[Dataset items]
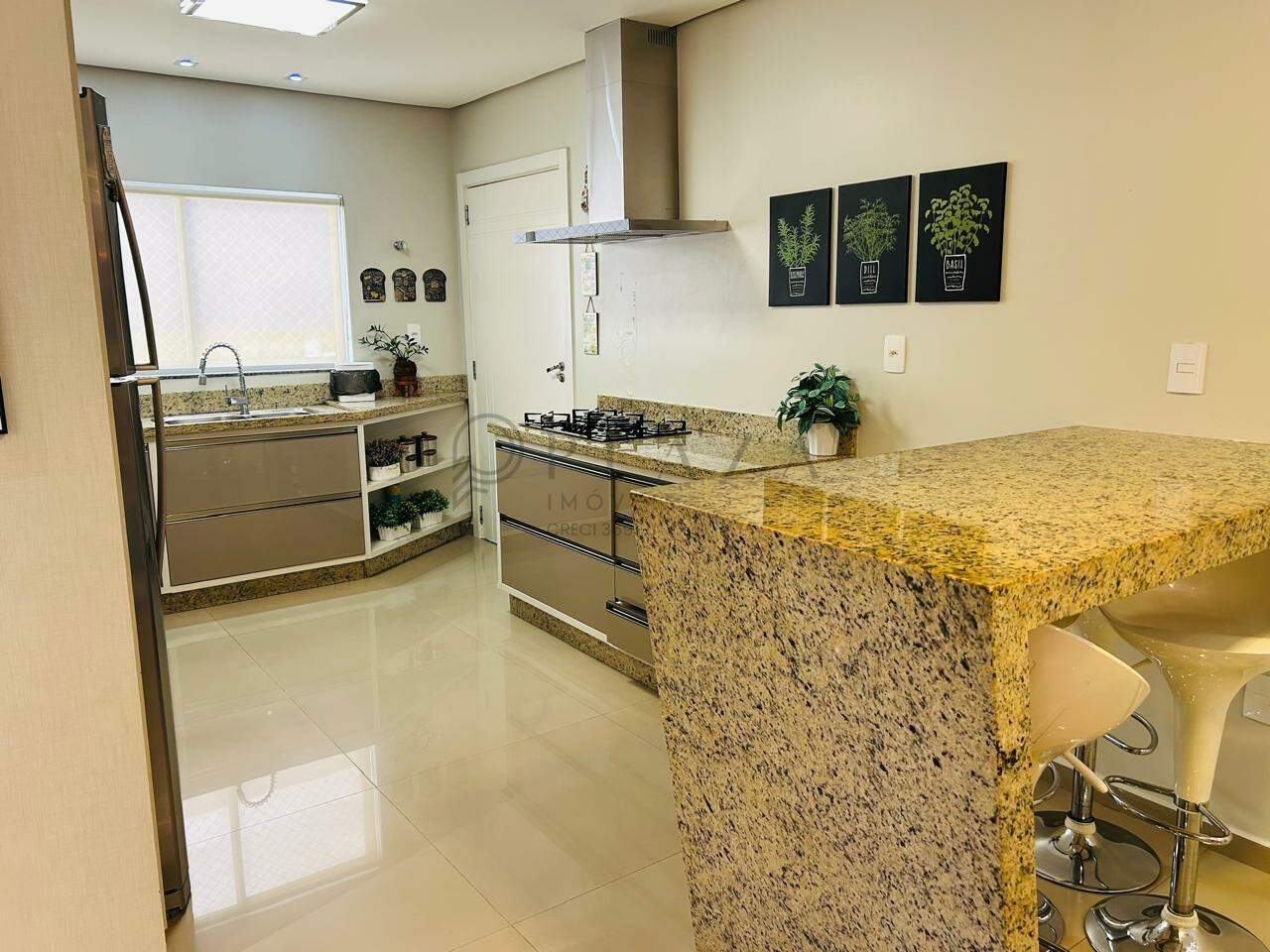 Apartamento para alugar com 3 quartos, 140m² no Jardim Itália em Chapecó – Foto 2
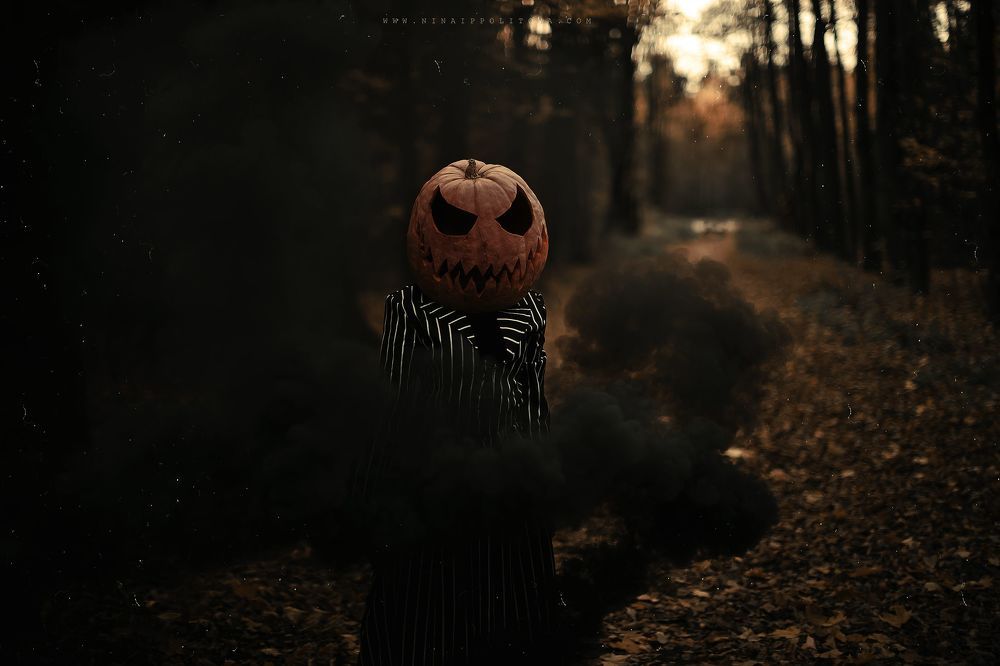 Х э л л о у и н   б л и з к о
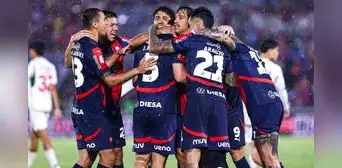 ¡Cerro Porteño es el campeón! El Ciclón logró su título 35 tras 4 años de sequia en Paraguay ¡Cerro Porteño es el campeón! El Ciclón logró su título 35 tras 4 años de sequia en Paraguay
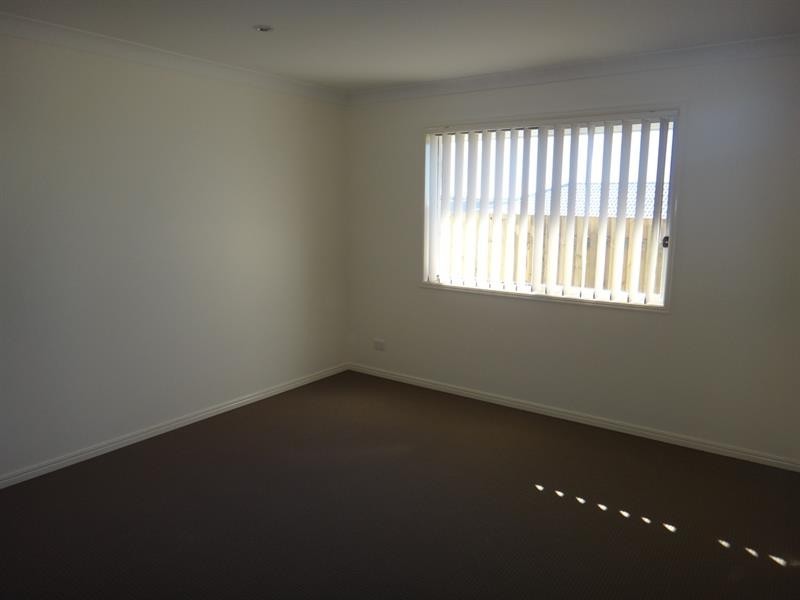 54 Damian Leeding  Way, Upper Coomera QLD 4209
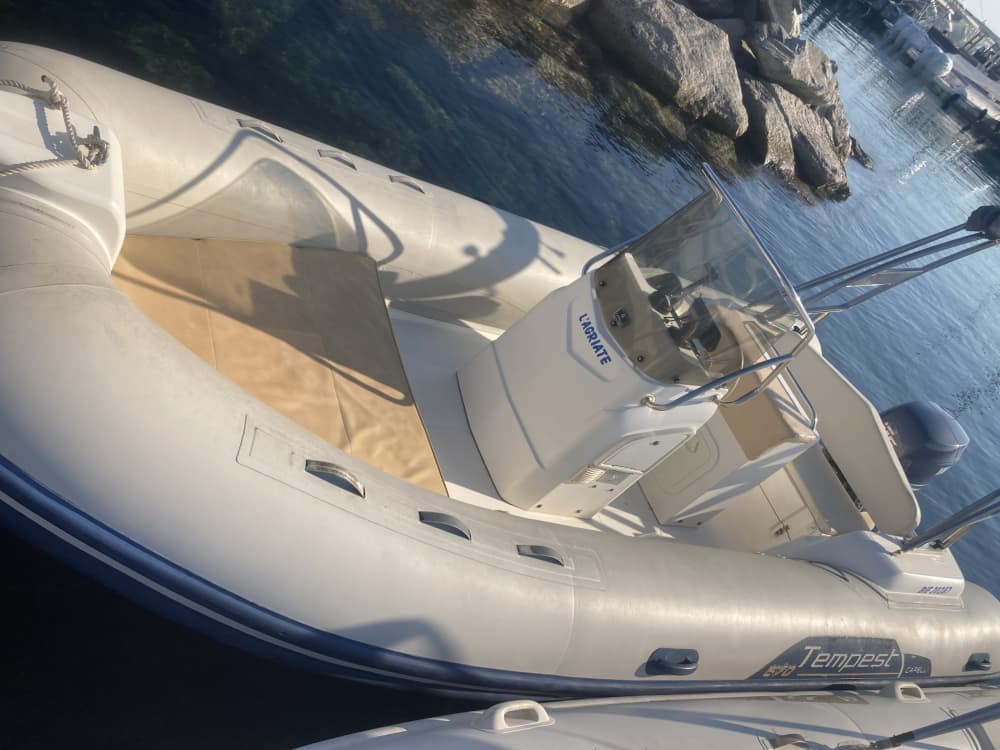 Odkryj L'Île-Rousse podczas całodniowej wycieczki łodzią motorową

--- PROBLEM DESCRIPTION ---
An exact copy is needed. It runs from the line above containing "en Paraguay ¡Cerro" down to the line containing "54 Damian Leeding", both included, with no pictures.

--- EXPECTED ANSWER ---
 ¡Cerro Porteño es el campeón! El Ciclón logró su título 35 tras 4 años de sequia en Paraguay ¡Cerro Porteño es el campeón! El Ciclón logró su título 35 tras 4 años de sequia en Paraguay
 54 Damian Leeding  Way, Upper Coomera QLD 4209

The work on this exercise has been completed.